La danse à l’œuvre en France : quelles politiques de médiation culturelle ?

Le 11 mai 2023, Hannah O’Neill, danseuse étoile à l’Opéra National de Paris, et Florent Mélac, chorégraphe et sujet, ont dansé au milieu des œuvres d’art de l’exposition Manet/Degas lors d’une représentation privée dans la salle de l’Auditorium du Musée d’Orsay. Accompagnés par Claire-Marie Le Gay au piano, cette nouvelle chorégraphie Daphnis et Chloé de Ravel signée Florent Mélac semble donner vie aux sculptures et mettre en mouvement les peintures dès que résonnent les premières notes.

Le Musée d’Orsay, monument historique et patrimoine culturel de l’Unesco, s’attache à allier le mouvement à l’immobilité, pour proposer une forme d’art nouvelle, plurielle et active. En France, et dans le monde, d’autres musées et lieux historiques ou publics organisent des actions culturelles, sous forme d’activités de médiation ou d’évènements spéciaux. La danse s’inscrit donc dans un prisme artistique, éducatif et de proximité, favorisé par les institutions culturelles et leurs politiques.

Manet, Degas et les rats de l’Opéra

Le Musée d’Orsay, Jean-Pierre Dalbéra – Flickr

L’exposition Manet/Degas du Musée d’Orsay est organisée par les musées d’Orsay, de l’Orangerie et le Metropolitan Museum of Art de New York, et vise à mettre en avant ce que la modernité picturale eut d’hétérogène ou de conflictuel. Elle révèle la valeur de la collection de Degas où Manet occupa une place grandissante suite à son décès. Leurs vies comme leurs œuvres présentent des similarités et tous deux s’expriment dans la modernité impressionniste du XIXe siècle, s’inspirant l’un de l’autre dans des sujets proches. Pourtant, cette proximité révèle une rivalité, significatrice de leur style propre.

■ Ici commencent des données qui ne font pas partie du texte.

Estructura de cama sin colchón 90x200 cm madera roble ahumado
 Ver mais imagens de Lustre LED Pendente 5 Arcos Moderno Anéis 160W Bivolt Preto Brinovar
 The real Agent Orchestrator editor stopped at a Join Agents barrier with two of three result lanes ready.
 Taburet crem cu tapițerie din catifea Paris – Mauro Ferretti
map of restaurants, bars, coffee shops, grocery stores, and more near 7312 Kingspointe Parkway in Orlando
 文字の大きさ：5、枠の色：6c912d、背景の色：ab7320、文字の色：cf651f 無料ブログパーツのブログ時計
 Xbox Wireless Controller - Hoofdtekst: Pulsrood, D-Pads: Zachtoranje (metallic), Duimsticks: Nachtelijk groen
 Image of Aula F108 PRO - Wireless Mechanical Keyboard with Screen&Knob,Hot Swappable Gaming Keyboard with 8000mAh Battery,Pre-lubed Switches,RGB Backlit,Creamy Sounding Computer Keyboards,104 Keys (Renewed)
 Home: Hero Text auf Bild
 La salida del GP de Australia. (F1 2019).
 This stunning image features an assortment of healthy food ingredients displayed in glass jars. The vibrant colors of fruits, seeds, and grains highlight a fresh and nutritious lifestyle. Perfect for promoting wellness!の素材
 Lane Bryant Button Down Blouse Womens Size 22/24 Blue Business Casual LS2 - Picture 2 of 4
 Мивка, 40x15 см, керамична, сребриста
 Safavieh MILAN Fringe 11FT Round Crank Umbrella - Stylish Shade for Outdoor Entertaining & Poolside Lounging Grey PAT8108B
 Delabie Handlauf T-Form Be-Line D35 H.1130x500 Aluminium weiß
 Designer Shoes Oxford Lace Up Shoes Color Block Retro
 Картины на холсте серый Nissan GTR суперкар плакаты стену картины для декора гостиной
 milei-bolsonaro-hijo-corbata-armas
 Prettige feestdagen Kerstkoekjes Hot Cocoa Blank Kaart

Le corps des danseuses et l’art chorégraphique sont, au XIXsiècle, une source d’inspiration pour les peintres et les sculpteurs. Une histoire de la danse se dessine pas à pas à travers les œuvres de nombreux artistes. Degas assiste aux répétitions des rats de l’Opéra afin de dessiner davantage de croquis et saisir l’instant dans le mouvement. Le 11 mai 2023, ces danseuses ont pu danser une nouvelle fois, entrainées par Hannah O’Neill et Florent Mélac, au milieu de toutes les autres œuvres d’arts.

Repousser les limites de l’expression chorégraphique, le rôle de l’espace muséal

La danse, en France, a traversé différentes périodes et influences, délaissant peu à peu ses fonctions sociales et religieuses endossées au Moyen Âge pour aller vers une diversification par la danse populaire et savante. Au début du XXe siècle émerge la danse moderne, brisant les conventions de la danse classique et à partir des années 1950 la danse post-moderne, qui évolue vers la danse contemporaine que l’on connait actuellement, fait son apparition. Les codes de la danse sont alors remis en question, et différentes disciplines artistiques s’en mêlent, notamment les arts visuels, pour repousser les limites de l’expression chorégraphique. Ce style contemporain joue un rôle crucial dans la relation entre la danse et les musées, ouvrant la voie à sa présence artistique dans ces institutions.

Déjà dans les années 1960 aux Etats-Unis, le mouvement Luxus favorisait la collaboration entre artistes de différentes disciplines dans des actions hétérogènes, notamment sous la forme de happenings. Merce Cunningham, avec ses « events » lors desquels des extraits de ses œuvres étaient exécutés de manière aléatoire dans des lieux non conventionnels, fut l’un des premiers à présenter des spectacles de danse en dehors des théâtres. Le premier de ces événements a eu lieu en 1964 au Museum des 20 Jahrhunderts (Musée du XXe siècle) à Vienne.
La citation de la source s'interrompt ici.